It’ll probably still keep you entertained, but Mortal Engines is a bit of a narrative mess.
Synopsis: Thousands of years after civilization was destroyed by a cataclysmic event, humankind has adapted and a new way of living has evolved. Gigantic moving cities now roam the Earth, ruthlessly preying upon smaller traction towns. Tom Natsworthy—who hails from a Lower Tier of the great traction city of London—finds himself fighting for his own survival after he encounters the dangerous fugitive Hester Shaw. Two opposites, whose paths should never have crossed, forge an unlikely alliance that is destined to change the course of the future. (Universal Pictures)
Starring: Hera Hilmar, Robert Sheehan, and Hugo Weaving
Writer: Fran Walsh, Philippa Boyens and Peter Jackson
Director: Christian Rivers
Rating: PG (Canada)/PG-13 (United States)
Running Time: 128mins
Mortal Engines, produced by Peter Jackson and directed by Christian Rivers, explores Earth thousands of years into the future, where a dystopian world has kicked in. The lead character, Hester Shaw (Hilmar), is on a mission to stop “London” from destroying everything in its path. The film is every bit as insane as it sounds, but not necessarily in a good way. Although the visuals are definitely top-notch, there seems to be something missing from Mortal Engines that doesn’t quite bring it to the level of a great dystopian film.
The part that’s missing? Well, the biggest hole in the film is the characters. As others have mentioned about the film, there’s not much to these characters, and no reason to be invested in their story lines. The story merely offers basic introductions and some small bits of background on each of the characters, yet Rivers never gives the audience a reason to care about the characters. Rivers seems more interested in the world-building aspect of the film, but he forgets that world-building is mostly insignificant without strength behind the characters that inhabit that world. Although it doesn’t take the extra mile to build upon their characters, that doesn’t mean that the whole film is bad. There are still tons of positives about Mortal Engines.

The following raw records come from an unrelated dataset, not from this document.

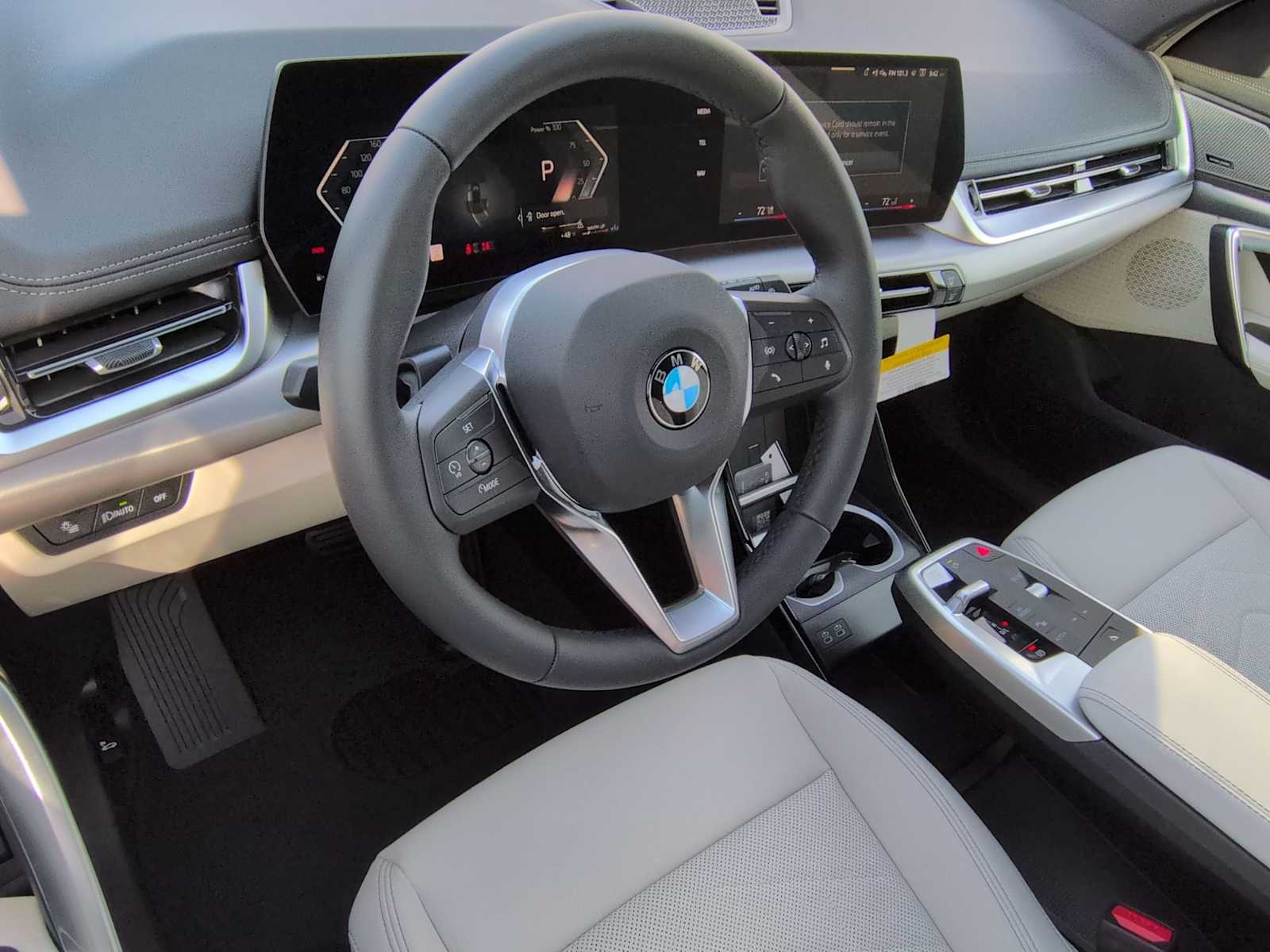 Thumbnail: 2026 BMW X1 - 10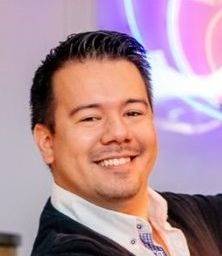 Bild enthält, Face, Happy, Head, Person, Smile, Dimples, Adult, Male, Man, Crew Cut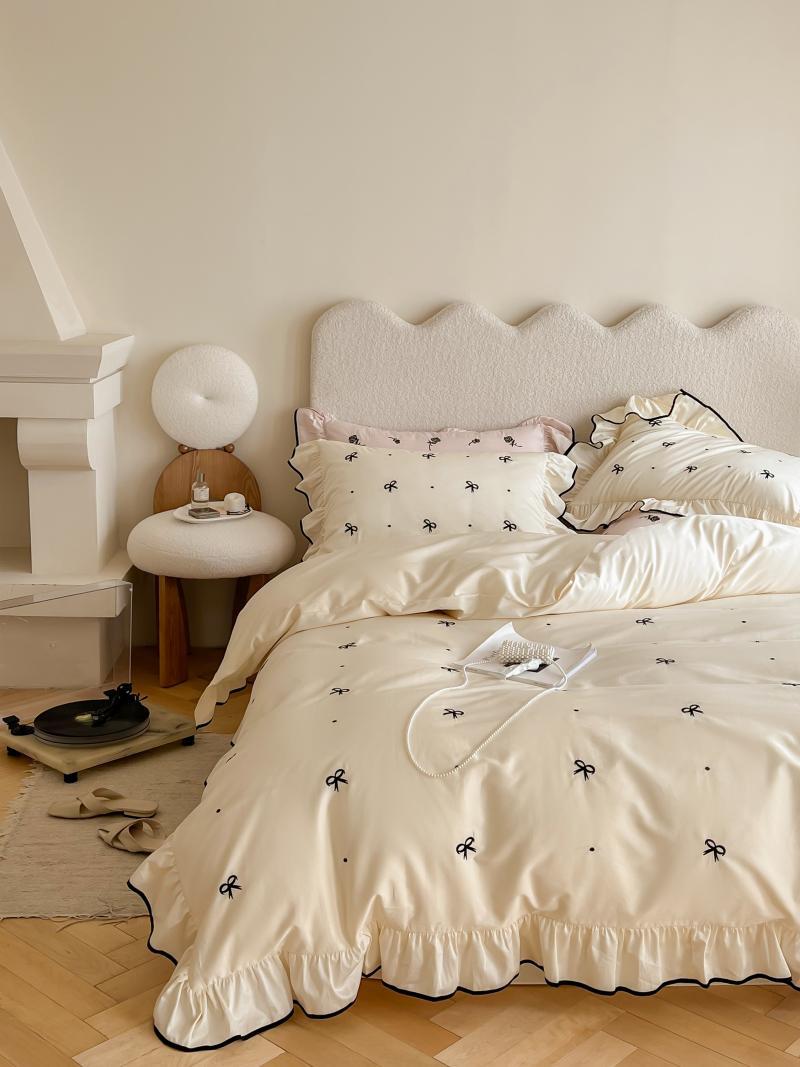  - Ever Lasting - Silky Ribbon Ruffle Bedding Set / Cream White - Bedding Set - Ever Lasting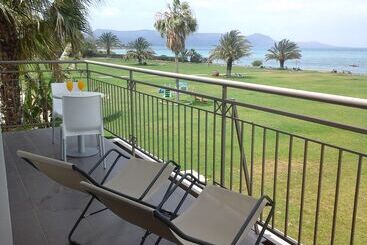 Natura Beach Hotel And Villas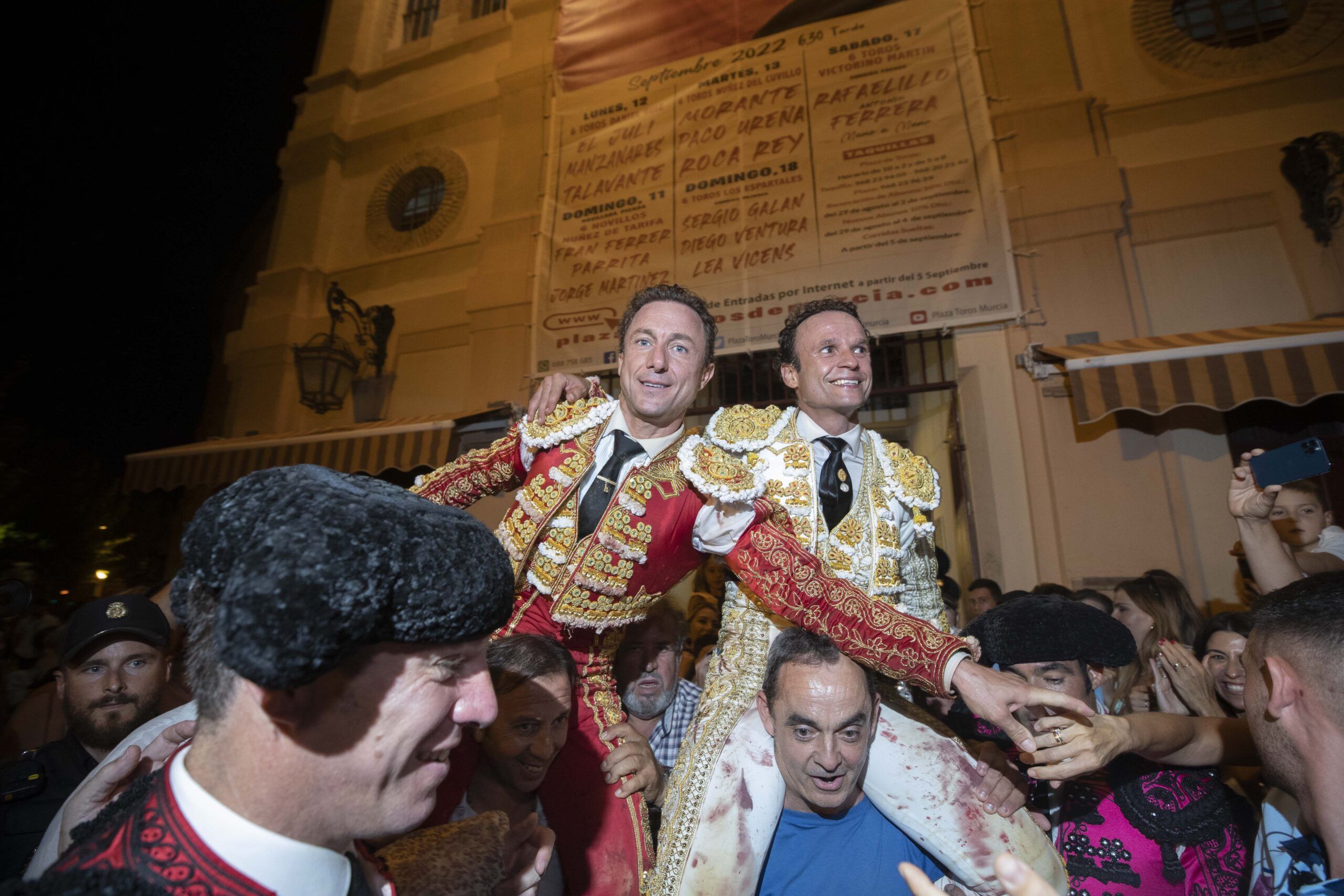 Rafaelillo y Antonio Ferrera salen a hombros en el mano a mano de Victorino
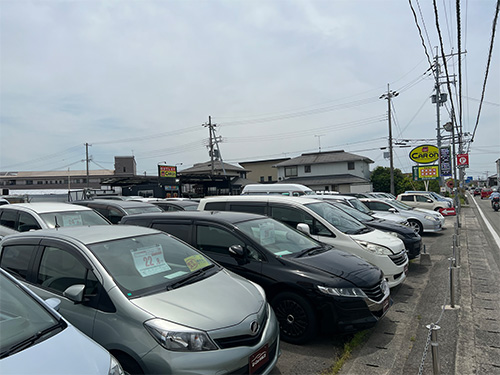 常に100台以上在庫をストックしています4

The most commendable aspect of the film are its visuals. This goes back to Rivers’ world-building. It’s clear that he’s invested in this world, and in the story. The visuals are very well done, and its other technical aspects, such as editing and sound, are also some of the film’s strongest points. When it comes to style, Rivers definitely doesn’t disappoint. For the most part, the visuals are good enough that the audience will remain interested, even if the story and plot development will ultimately let them down.
As with the characters, Mortal Engines doesn’t necessarily offer the freshest, or most interesting story. You read the brief synopsis online, and it seems that there is no way a film about that would be uninteresting. Yet, throughout the film, Mortal Engines struggles with having something original to say. It’s full of overused clichés, and there’s nothing that sets it apart from other films of the same genre. The performances are serviceable, but are mostly held back by poor character development. All in all, the biggest weak point of Mortal Engines is in its writing. The screenplay by Walsh, Boyens and Jackson fails to bring out what could’ve been some very interesting characters.
The end result here is somewhat of a mixed bag. When it comes to the world-building aspect, the visuals, and the technical aspects, Mortal Engines definitely gets it right. When it comes to other things, it really falls flat. Your enjoyment of the film will hinge on how much you value those two things. Going into this film, the audience will likely not be expecting a masterpiece of any kind. Instead, the main requirement is that it be a fun time at the movies. Although it still managed to be entertained throughout most of the running time, the experience felt weighed down by its negative aspects. Mortal Engines had some of the key elements it needed to be great. Yet, when it comes down to it, it falls short in some key areas.